In which letters show Dave Arneson running Blackmoor for the Lake Geneva mob, and they set up their campign, with more areas taken from the Great Kingdom map. Interestingly the Grand Duchy of Urnst, south of Nyr Div lake, is full of dinosaurs and prehistoric mammals; Keoland, at this time much closer, not across the Wooly Bay and mountains, has Martian Thoats, Apts, etc. By the time of World of Greyhawk (1983), all traces of weird stuff has been erased, the encounter tables are all Knight, Pilgrim, Men, Men, Men; tho Blackmoor's table shows Gibberling, Quaggoth, Qullan, and Ice Troll encounters, at least.

Gygax's later implausible story in Dragon (July 1977) is that Arneson "contributed" 18 pages of notes and ran "variant CHAINMAIL", while he heroically typed 300 manuscript pages.

I've gone over the draft D&D rules some when the Arneson v. Gygax court case document came out, and we have handwritten parts from Arneson, and typewritten draft from Gygax, which had this bon mot:

Introduction: This is where Gary editorializes and tells neat stories
as much as his little heart desires and if he wants to use the extra
pages. A rule book is a rule book not a novel.
—Dave Arneson

Stats are at this time GP (the rule doesn't say to x10, but the examples do), Intelligence, Cunning (Wisdom), Strength, Health, Appearance (Charisma). Cleric level titles are Acolyte, Friar (Adept), Village Priest, Priest (Vicar), Vicar (Curate), Curë (Bishop), Abbë (Lama), Patriarch. These have long been contentious, and obsolete, since no recent game has level titles, but the originals are MUCH better than the renamed ones. Lama? Magic-User they got right from the start, Fighter swapped Warrior (2) for Swordsman (3), and again I think the original is better.

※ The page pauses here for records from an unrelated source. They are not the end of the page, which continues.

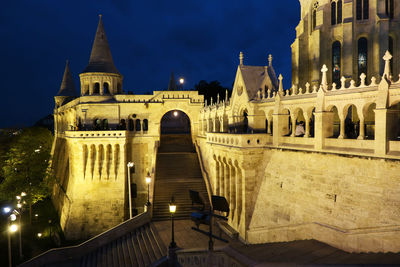 View of historical building at night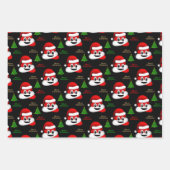 Weihnachten kackte Emoji mit Weihnachtsmannmütze P Geschenkpapier Set (Vorderseite 2)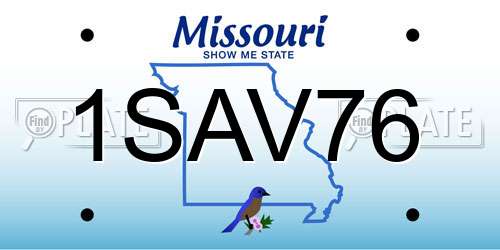 1SAV76 Missouri License Plate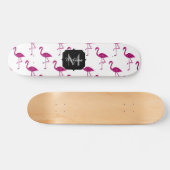 Sparkly flamingo Pink sparkles patroon Monogram Skateboard (Horizontaal)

Equipment lists "Zilidar" (200 GP) under Draft Horse, Small Thoat (400 GP), Large Thoat (1000 GP), Pegasus (2000), Hippogriff (3000 GP), Griffon[sic, "Gryphon"] (9000 GP), Roc (5000 GP), Thoat Saddle (25 GP), Hippogriff/Pegasus Saddle (15 GP), Roc/Griffon[sic] Saddle (50 GP), Thoat-Sized Saddle Bags (15 GP), Light Rations -1 on "Strength" after 1 week (2 GP/week).

Missing are the Iron Rations, Silver-Tipped Arrow, Mule, 10' Pole (!!!), Flask of Oil, and all the herbs & vampire-killing gear. Clearly wilderness adventures were the more significant part of the game at this time.

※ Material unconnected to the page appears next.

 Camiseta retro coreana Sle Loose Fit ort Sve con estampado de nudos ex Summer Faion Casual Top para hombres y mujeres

The preposterous prices for armor are there from the beginning: Leather (15 GP), Chain-Type[sic] Mail (25 GP), Plate Mail[sic] (50 GP), Helmet (5 GP), Shield (5 GP); latter two doubled in price. In more realistic historical records, Chain should be at least 75 GP, and Plate as much as 200-300 GP. Also all prices should be silver standard instead, but that's the least of our problems. Armor beyond Jack (not here represented) was for knights with a much higher economy than the peasantry, but everyone's rich in D&D.

NPCs are at this time "NON-REAL PLAYERS". Rules for hiring & retaining monsters are simpler, they abandon post as you spend time away from your castle. Henchmen can be hired for 100 GP/Level up to Level 3 Swordsman.

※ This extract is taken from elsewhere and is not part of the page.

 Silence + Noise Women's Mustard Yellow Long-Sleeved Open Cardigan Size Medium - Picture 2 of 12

High-Level benefits are much more clearly explained, published OD&D simplified this to nonsense to save half a page. Notably:

When players reach the top of their class the referee should award
EP's at a rate of 1 for 3 to 1 for 10 or worse, depending on the
circumstances.

Thus resolving the high-Level Dwarf problem.

Many adventuring parts were later moved to Book III, notably the MONSTER DETERMINATION & LEVEL MATRIX which has killed so many with the 1/6 4 HD, 1/6 3 HD which can appear on dungeon Level 1. The monster tables are odd, Level 1 is just missing Skeletons & Spiders. Level 2 has extra Skeletons, Spiders, Giant Ants, Anti-Warrior (F 2, but struck out?). Level 3 has Thaumaturgists (M-U 5!), Anti-Warrior (F 2), Wight, and Giant Hogs, Toads, Crabs. I can't make sense of the original ecology, but published isn't better.

HITS AND RECOVERY: An actual explanation of damage, instead of a passing reference in Book III, and the healing rate is 2 HP/day, instead of 1/2 like published.

SCORING HITS: An actual system was presented, and completely cut from published.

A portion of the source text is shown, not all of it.